◆ TASK STATEMENT
Using the listing below, give again exactly the lines from the line with "Pure Light Fanny Pack" to the line with "The Main Street Honey Shoppe", inclusive, without the pictures.

+++ THE DATA

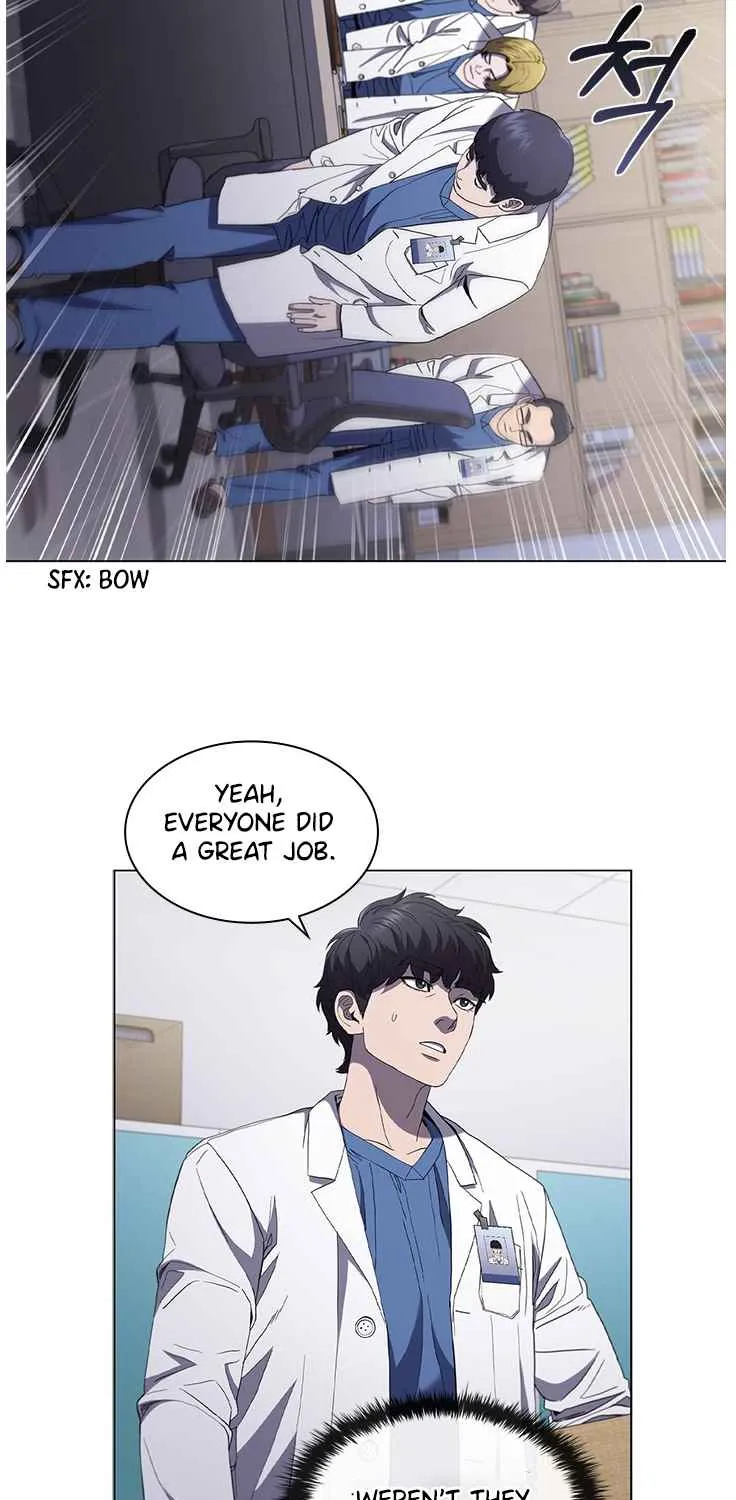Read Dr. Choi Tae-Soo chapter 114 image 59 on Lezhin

++++++
+++ THE DATA

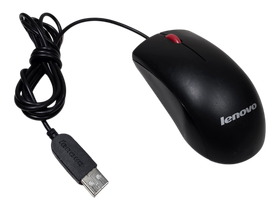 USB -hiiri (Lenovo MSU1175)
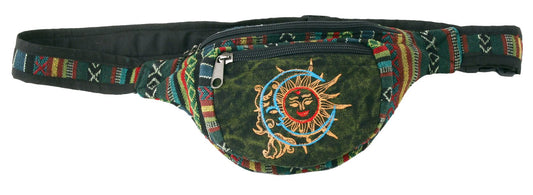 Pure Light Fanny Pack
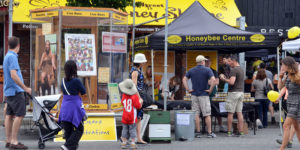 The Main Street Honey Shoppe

++++++
+++ THE DATA

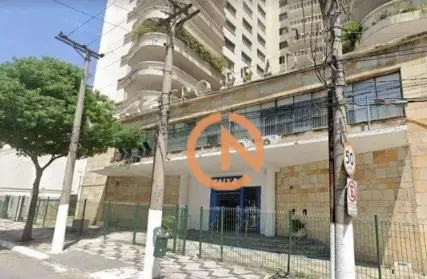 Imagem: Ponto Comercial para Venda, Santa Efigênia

++++++

◆ OUTPUT
 Pure Light Fanny Pack
 The Main Street Honey Shoppe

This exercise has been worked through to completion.